O bate-papo foi conduzido por Tom Farias, partindo da premiação da escritora moçambicana Paulina Chiziane pelo Prêmio Camões.
“A Paulina é a primeira mulher africana negra a receber o prêmio Camões. E muito importante para essa imensa comunidade dos países de língua portuguesa, é uma imensa alegria ver uma irmã receber esse prêmio”, disse a escritora de Cabo Verde, Vera Duarte. “Neste momento em que estamos tão empenhadas em dar voz e vez à fala das mulheres, a escrita das mulheres, é maravilhoso ver uma colega nossa ser objeto desse prêmio.”

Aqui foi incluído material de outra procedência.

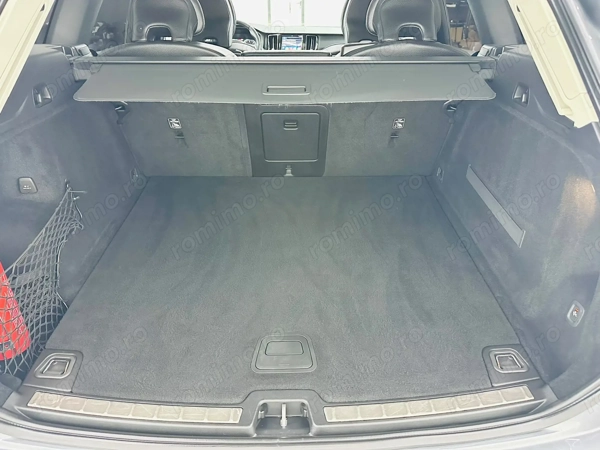 VOLVO XC60 2020 — imagine 17
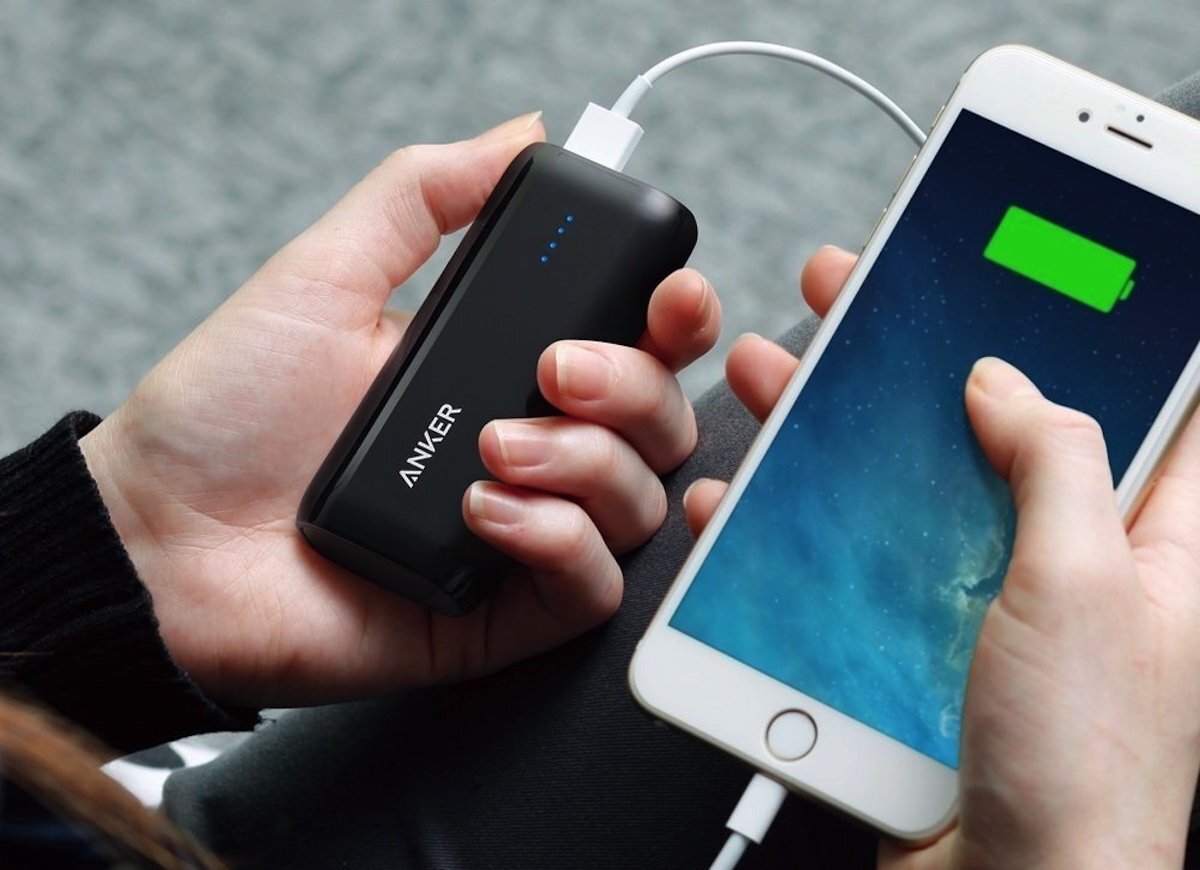 Зарядка аккумуляторная для смартфона. Iphone 4 зарядка. На смартфоне зарядку покажи. Зарядка для телефона. На смартфоне зарядку покажи.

António Quino, escritor angolano, apontou que a literatura africana – e de forma geral – sempre foi muito masculina. “É um prêmio às mulheres africanas fundamentalmente pelo empenho, a luta, não só no campo da própria sociedade, mas no campo literário, porque a literatura africana de forma muito especifica esteve muito marcada por homens.”
Vera ainda afirma que só depois de muita luta e resistência que as mulheres conquistaram esses espaços. “Tivemos a necessidade de enfrentar diversas resistências para poder enfim começar a escrever o nosso nome com visibilidade no edifício literário caboverdiano. Estamos a resgatar as mulheres do memoricídio que sobre muito tempo sobre elas pairou.”
Dificuldades estruturais
Outro ponto de destaque foi a reflexão feita pelo escritor João Melo sobre as dificuldades que os autores africanos, sobretudo os de língua portuguesa, enfrentam. “A pobreza de nossas sociedades é grande, o nível de educação e de instrução, e portanto o gosto pelo livro, é baixo também. São problemas que nós africanos temos que resolver antes de começar a aspirar ser conhecido no exterior”, disse. “Nós, autores africanos que escrevemos numa língua periférica que é o português, também não somos conhecidos pelos demais autores africanos. Há pouca ou quase nenhuma circulação de escritores entre as várias áfricas.”
António comparou a situação dos autores a de moradores de uma ilha. “Parece que estamos rodeados de um oceano imenso que não nos deixa comunicar com o resto de África, porque os outros países de África também não nos conhecem e nós também não os conhecemos.”
Os escritores também destacaram a importância das editoras e da imprensa em se interessar pela produção africana antes que ela seja premiada ou divulgada por veículos europeus e norte-americanos. “Os autores africanos precisam ser validados em Paris, em Londres, Nova York para interessarem a grandes editoras e mídia brasileira”, disse João Melo. “As grandes editoras, a grande imprensa, não sabem nada e não se interessam em saber sobre a produção literária africana. Isso começou a mudar nos últimos anos, internacionalmente começa a ter uma maior divulgação, um maior espaço para as produções africanas.”